As it turns out, getting to Loreto from Oaxaca, where I live, is not easy. It is far simpler for travelers from the U.S. to get there, with several direct flights every week from Los Angeles. Rather than fly a more circuitous route, I flew to Los Angeles and took the weekly Saturday flight on Cal Jet Air. Alaska Airlines also offers direct flights from L.A. to Loreto four days a week, and regional carrier Aero Calafia connects Loreto to Los Cabos and some other Mexican cities.
Rugged Mountains, Serene Water
Approaching Loreto from the air, the aridity and the stark landscape of the Sierra de la Giganta mountain range are striking in its contrast with the blue water of the Sea of Cortez. The islands of Loreto share the same rugged landscape as the peninsula. The land is evidently inhospitable yet remarkably beautiful. The water, in contrast, teems with a rich variety of marine life.
Unlike mainland Mexico, the climate here did not sustain agriculture in ancient times and the original inhabitants were nomadic hunter-gatherers. In 1697 Jesuit priest Jose Maria de Salvatierra arrived with a small group of supporters, bringing with him an image of the Virgin of Loreto, and founded the mission of Nuestra Señora de Loreto Conchó. Loreto became the first capital of the Californias, and the first in a series of over 20 missions which ultimately stretched all the way up to Sonoma in California's wine country.
Quiet Seaside Village
On a Sunday afternoon, the town of Loreto is quiet, almost sleepy. The stone-paved streets, church, and mission museum are practically deserted, but it's a good time to explore the tranquil town square, and visit the church, which dates to the 1740s. It contains the image of the Virgin of Loreto, a beautiful altarpiece with gold leaf, and historical paintings. A stop at the mission museum provides greater insight into the history of the area. Afterwards, a stroll through the nearby shops to purchase arts and crafts and varied souvenirs is a great way to top off the day.

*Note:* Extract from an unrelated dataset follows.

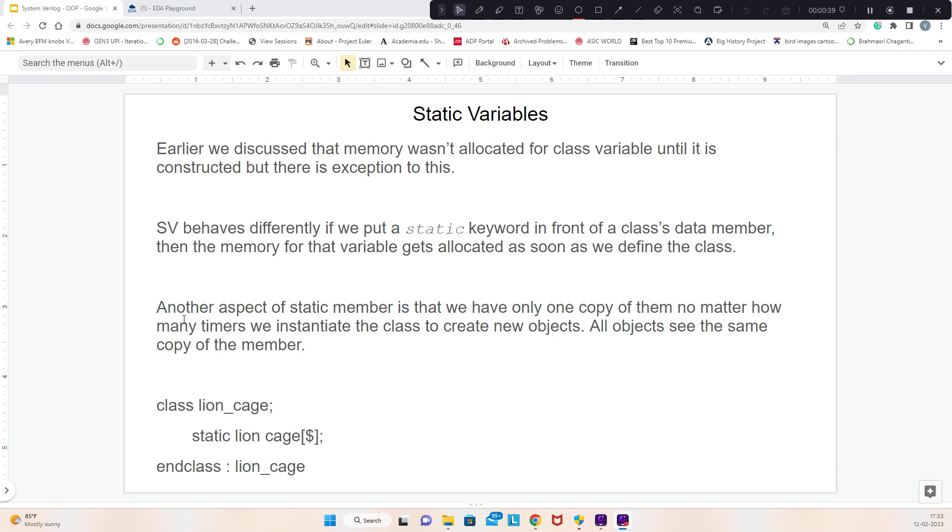The cage will be common to all instances of line_cage. No matter how many instances of line_cage you create, the cage variable remains common to all instances. It doesn't vary with the instance.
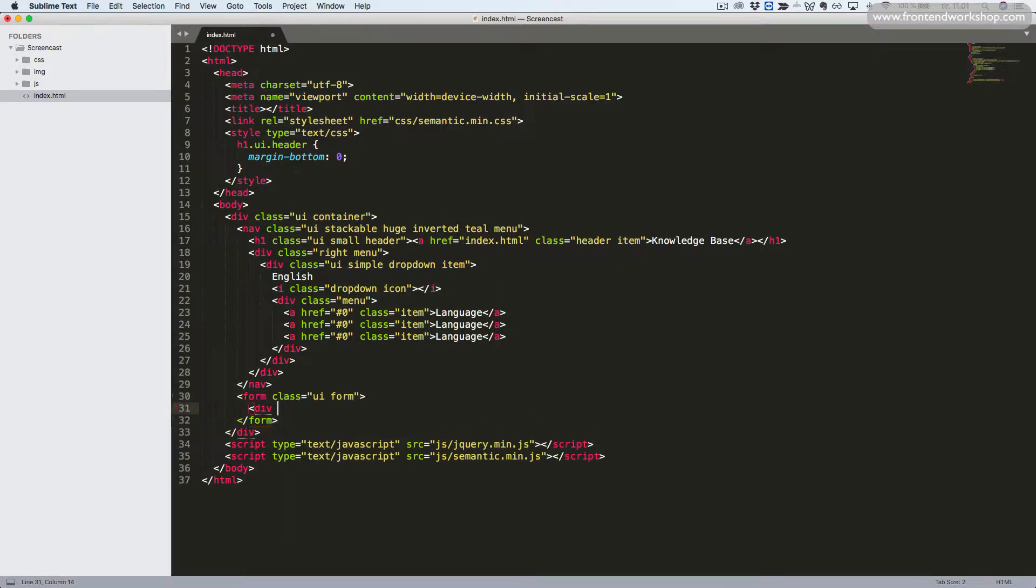Now inside of this, we create our field using a div tag with the class field.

As afternoon turns to evening, the mood picks up, and the spirit at Domingo's, a local restaurant, is positively lively. As you enter the bar at the front of the restaurant, your eyes take a few minutes to adjust to the dark, wood-paneled interior, but continue through to the back and you will find a leafy, sun-dappled courtyard with long wooden tables. Domingo's offers steak and sea food specialties, but the chef is happy to whip up some chiles rellenos de queso (cheese-stuffed chiles) for vegetarian clientele.

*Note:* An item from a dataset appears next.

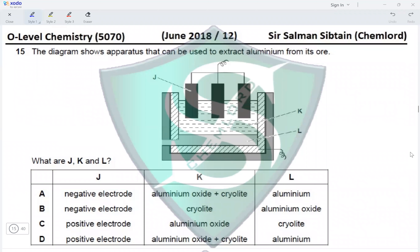Question 15. The diagram shows apparatus used to extract aluminium from its ore. J are the electrodes — since liquid metal settles at the bottom, J must be the positive electrodes (anodes), eliminating options A and B. K is the electrolyte: aluminium oxide dissolved in cryolite, so option D is correct. The liquid metal L is aluminium, making option D the correct option.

Adventures on Land and Water
Five islands sit in the Sea of Cortez off of Loreto's coast: Coronado, Carmen, Danzante, Montserrat, and Santa Catalina. Explore the clear waters, coves, and lagoons surrounding them on a boating, snorkeling or kayaking adventure. You're likely to spot sea lions, dolphins, and the occasional blue whale, as well as a wide variety of bird species. Underwater, snorkelers and divers can observe a wonderful array of colorful fish and sea life. The islands are within the protected area of the Loreto Bay National Marine Park, declared in 1997 to ensure the preservation of these natural treasures.
A visit to the mission of San Francisco, Javier de Biaundo, makes for a great day trip. It's a 38 km drive into the mountains, but a stop along the way to have a look at some pre-historic rock paintings breaks up the drive. The Jesuits founded this mission in 1699 and built the church between 1744 and 1758. This is the most well-preserved mission in Baja California and has three baroque altarpieces. The tiny village is set in a mountain oasis and still uses gravity-fed irrigation. After visiting the church, take a walk out to the olive orchard where you can see the oldest olive tree in southern Baja.
I found Loreto's charming small town feel, dramatic natural setting, and fascinating history enchanting. I hope I will have the chance to return and explore more of Baja California Sur before too long.